Nous inscrivons nos performances rentables et durables dans une gestion rigoureuse des risques, des capitaux et des liquidités.

Notre gestion des risques se fonde sur un modèle articulé autour de trois lignes de défense : Notre modèle “trois lignes de Défense” 

Notre priorité : metre nos clients au centre de nos efforts en matière de gestion des risques

La principale priorité consiste à contribuer au recentrage du client. En d’autres termes, la gestion des risques soutient le business afin de proposer des produits et services adaptés, justes et durables.

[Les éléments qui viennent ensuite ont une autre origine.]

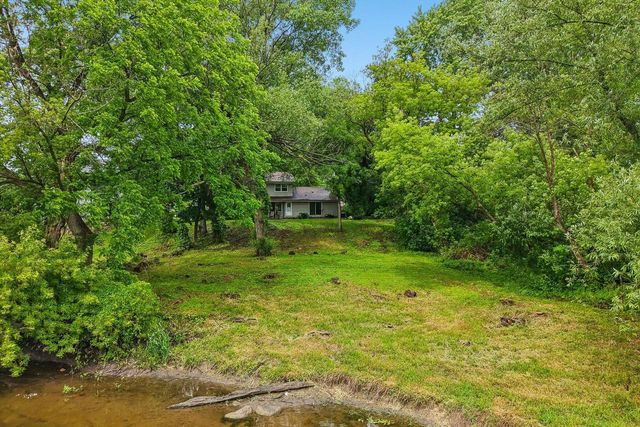 7400 N Pierron ROAD, Glendale, WI 53209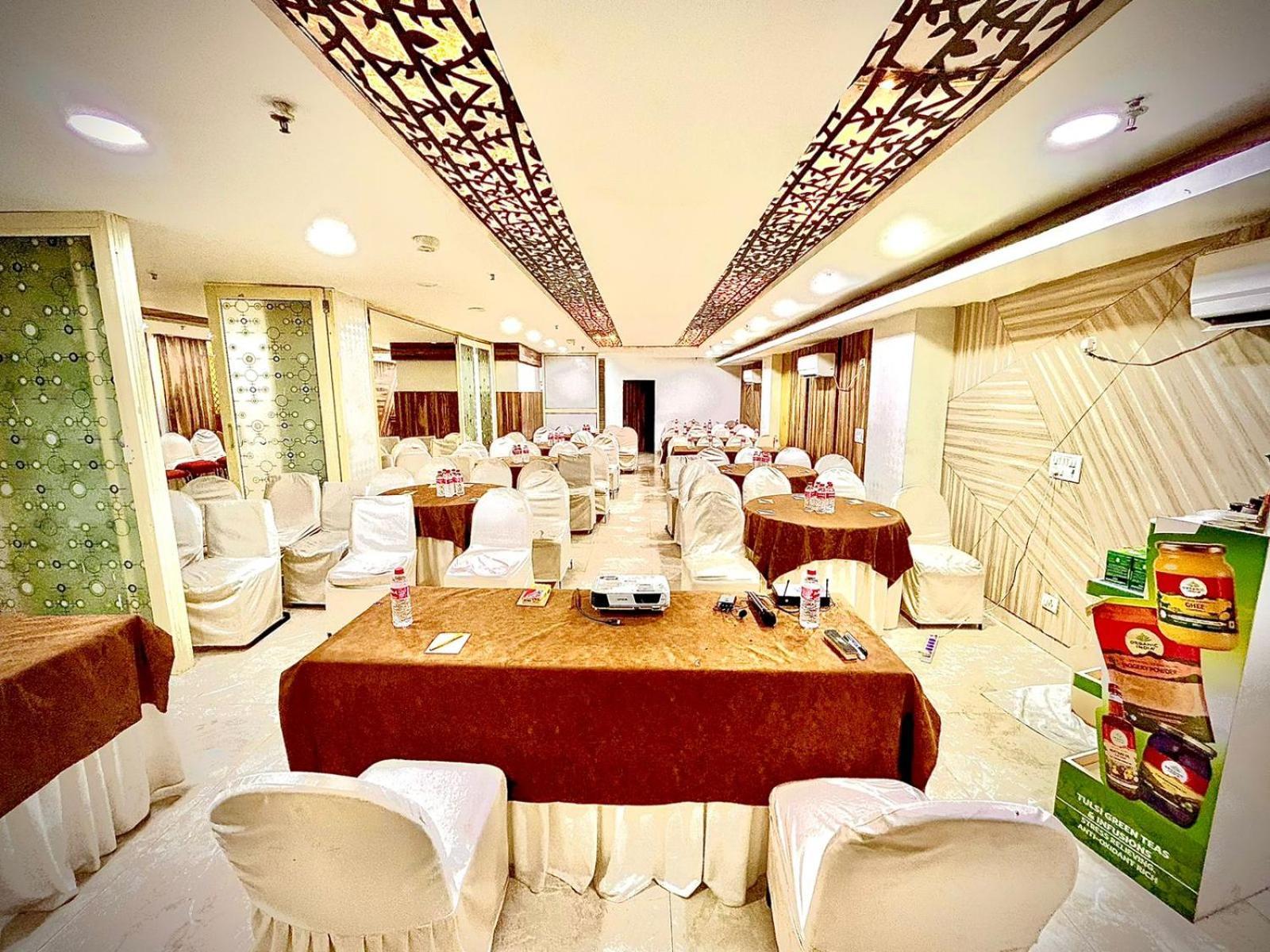 Готель The Tomar Hospitality Нью-Делі Екстер'єр фото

Notre souci constant : protéger nos clients contre les pratiques injustes ou inappropriées

Un volet important de cette priorité consiste à protéger le client contre des pratiques déloyales ou inadaptées. De plus en plus, la protection du client est également définie dans la réglementation : directive et règlement concernant les marchés d'instruments financiers (MiFID et MiFIR), directive sur l'intermédiation en assurance (IMD), de même que plusieurs initiatives émanant de l'AEMF (Autorité européenne des marchés financiers).

Notre environnement : une régulation de plus en plus forte

Le renforcement de la réglementation est un facteur contraignant pour l’ensemble du secteur financier. Pour les années à venir, il s'agit notamment des réglementations suivantes :

  • La General Data Protection Regulation (GDPR) détermine les règles en matière de traitement des données personnelles. Ceci pourrait avoir un impact significatif sur différentes activités, dont le marketing, les bases de données, les assurances, etc.
  • La Markets in Financial Instruments Directive II (MiFID2 et MiFIR) dont l'objectif est de rendre les marchés financiers européens plus efficaces et plus transparents et de mettre en place une meilleure protection de l'investisseur, avec un impact sur tous les domaines liés aux produits et processus d'investissement.
  • La Payment Services Directive II (PSD2) concerne, notamment, la mise à disposition des tiers des infocomptes, afin qu'ils puissent plus facilement entrer dans le marché, ce qui aura un impact direct sur les modèles d'entreprise traditionnels des institutions financières.
  • Mais nous pensons également à l'ePrivacy Regulation, relative à la protection des communications électroniques, aux PRIIPS (packaged retail investment and insurance-based products), qui visent la standardisation de l'information relative à ce type de produits et à l'Insurance Distribution Directive, axée sur la protection des intérêts du client, la surveillance des produits et la bonne gouvernance en matière de produits.
  • En termes de solvabilité, différentes initiatives sont actuellement en cours, notamment au niveau des activités bancaires. Les principales initiatives concernent le mode de calcul des actifs pondérés en fonction des risques (Bâle IV) et la poursuite de la rationalisation de la législation, qui devraient faire en sorte qu'en cas de pertes subies par les banques, ce soient les actionnaires et les créanciers, et non plus les autorités publiques, qui absorbent les pertes.
  • Par ailleurs, de nouvelles prescriptions IFRS sont prévues, comme IFRS 17, qui concerne spécifiquement les activités d'assurance et sera d'application début 2021 (après approbation de l’UE) et, surtout, IFRS 9, qui entrera en vigueur dès 2018 et définit, notamment, une nouvelle classification des instruments financiers et de nouvelles règles pour les réductions de valeur (voir l'Annexe 1.0 dans le chapitre Comptes annuels consolidés).
  • Nous anticipons également de nouvelles exigences de transparence sur les risques et de nouvelles opportunités liées au changement climatique.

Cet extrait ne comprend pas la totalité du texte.